Could you output the listing that follows exactly, without its images?

** Opening Raw data block **

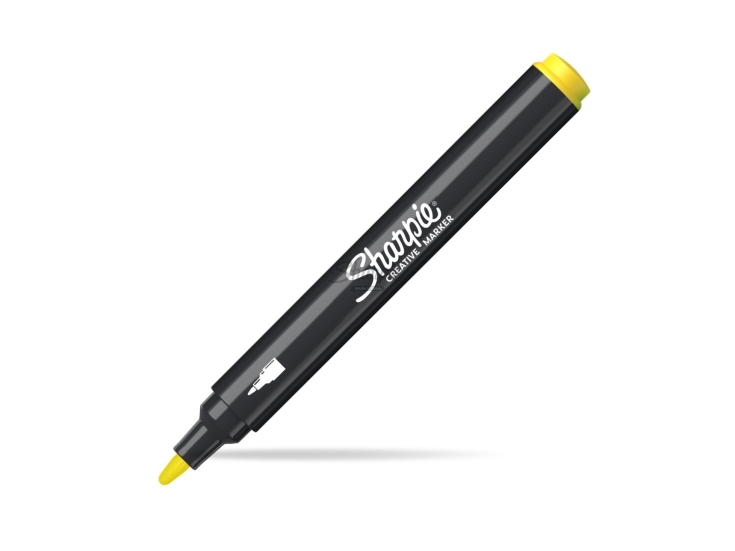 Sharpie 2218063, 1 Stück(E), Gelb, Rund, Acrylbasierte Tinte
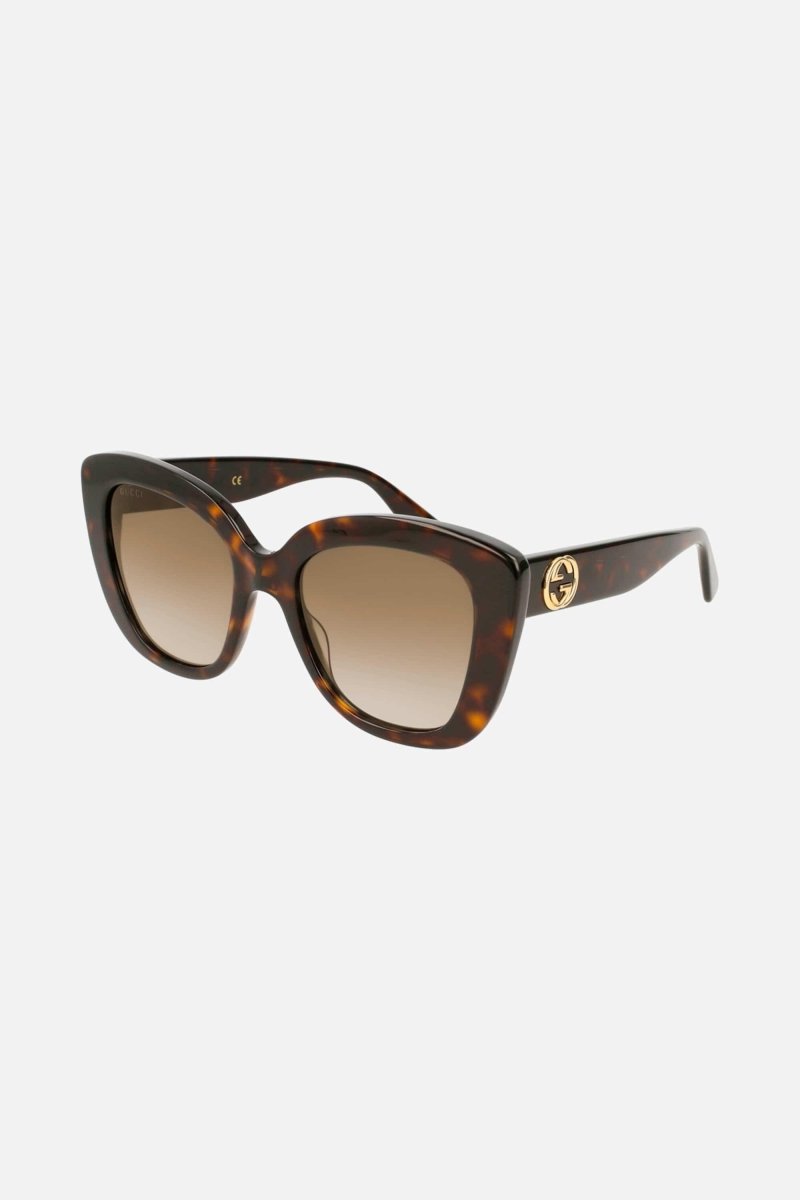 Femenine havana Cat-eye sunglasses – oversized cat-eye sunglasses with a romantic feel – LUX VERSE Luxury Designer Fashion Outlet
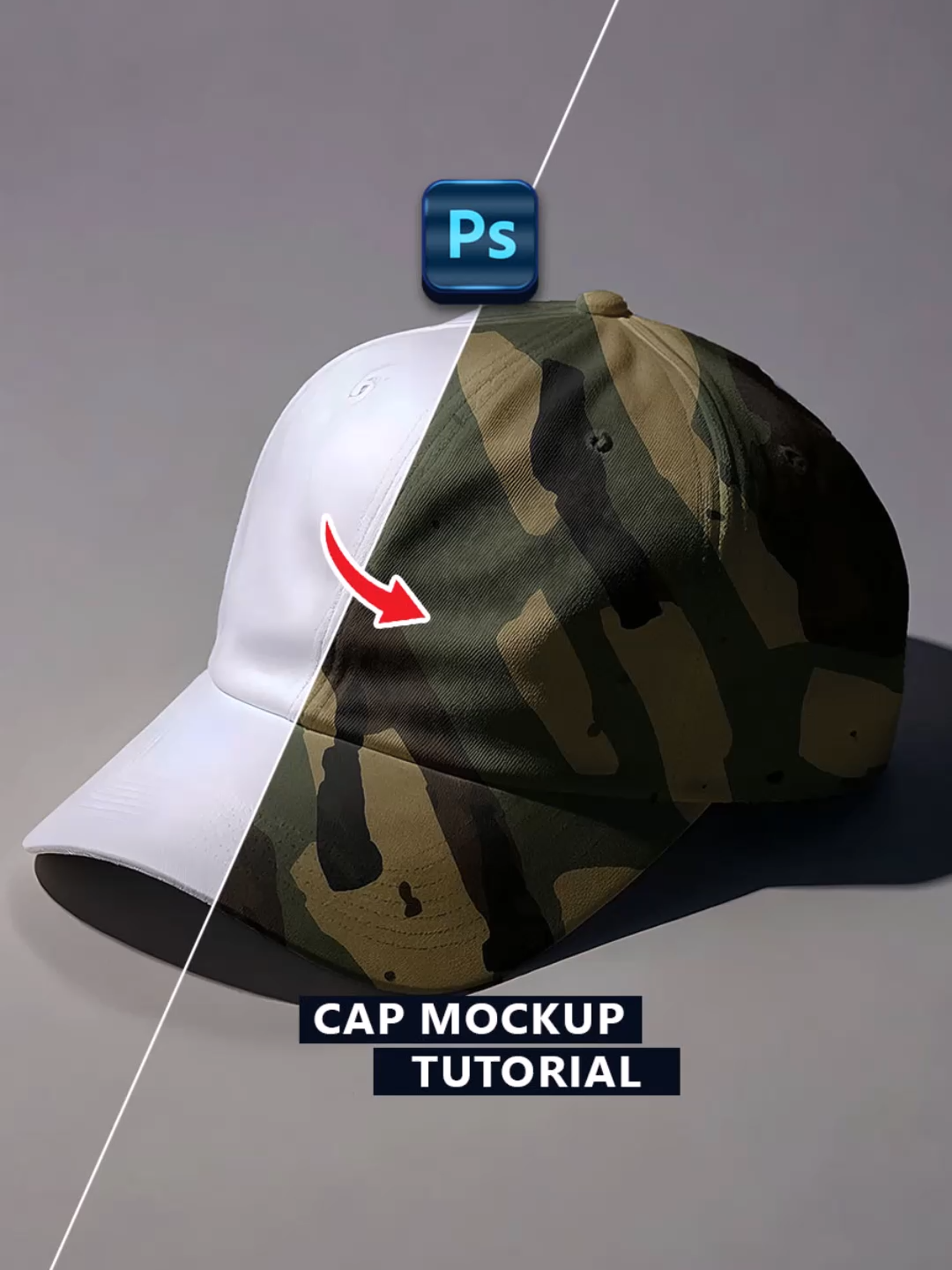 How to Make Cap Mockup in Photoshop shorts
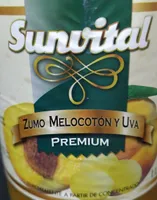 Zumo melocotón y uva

** Closing Raw data block **

- _Solved problem_:
 Sharpie 2218063, 1 Stück(E), Gelb, Rund, Acrylbasierte Tinte
 Femenine havana Cat-eye sunglasses – oversized cat-eye sunglasses with a romantic feel – LUX VERSE Luxury Designer Fashion Outlet
 How to Make Cap Mockup in Photoshop shorts
 Zumo melocotón y uva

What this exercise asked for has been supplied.